**WHAT TO DO**. From the line containing "Izgara tavuk ve" to the line containing "Old round table" in the records below, set down every line exactly as it stands, both ends included, and skip the pictures.

**EXERCISE INPUTS**.
□ □ □ □
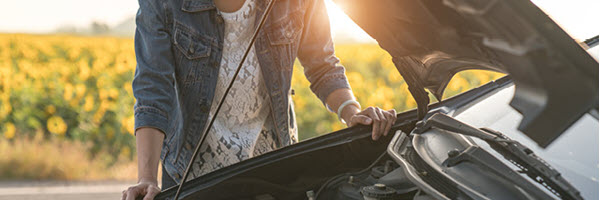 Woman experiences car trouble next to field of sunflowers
□ □ □ □
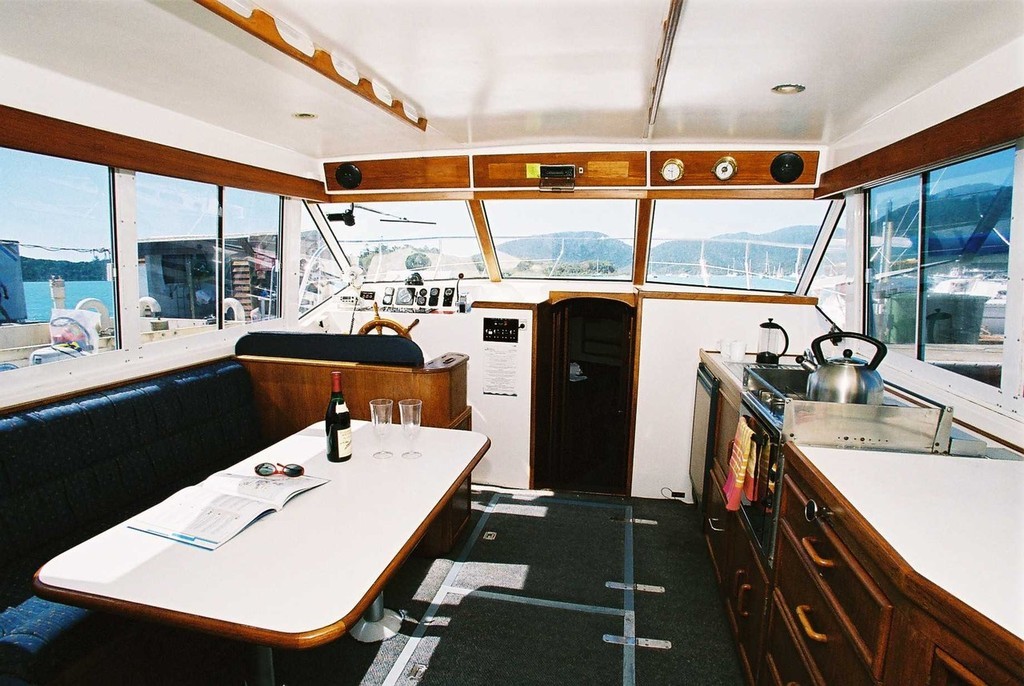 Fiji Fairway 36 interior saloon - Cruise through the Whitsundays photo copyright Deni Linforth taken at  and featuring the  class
□ □ □ □
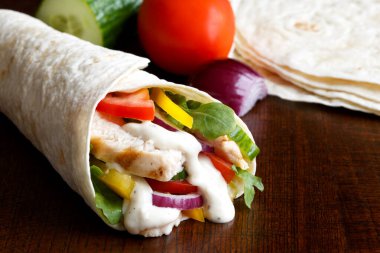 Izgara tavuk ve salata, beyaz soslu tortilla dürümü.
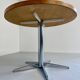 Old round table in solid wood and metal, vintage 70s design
□ □ □ □
**OUTPUT BELOW**.
 Izgara tavuk ve salata, beyaz soslu tortilla dürümü.
 Old round table in solid wood and metal, vintage 70s design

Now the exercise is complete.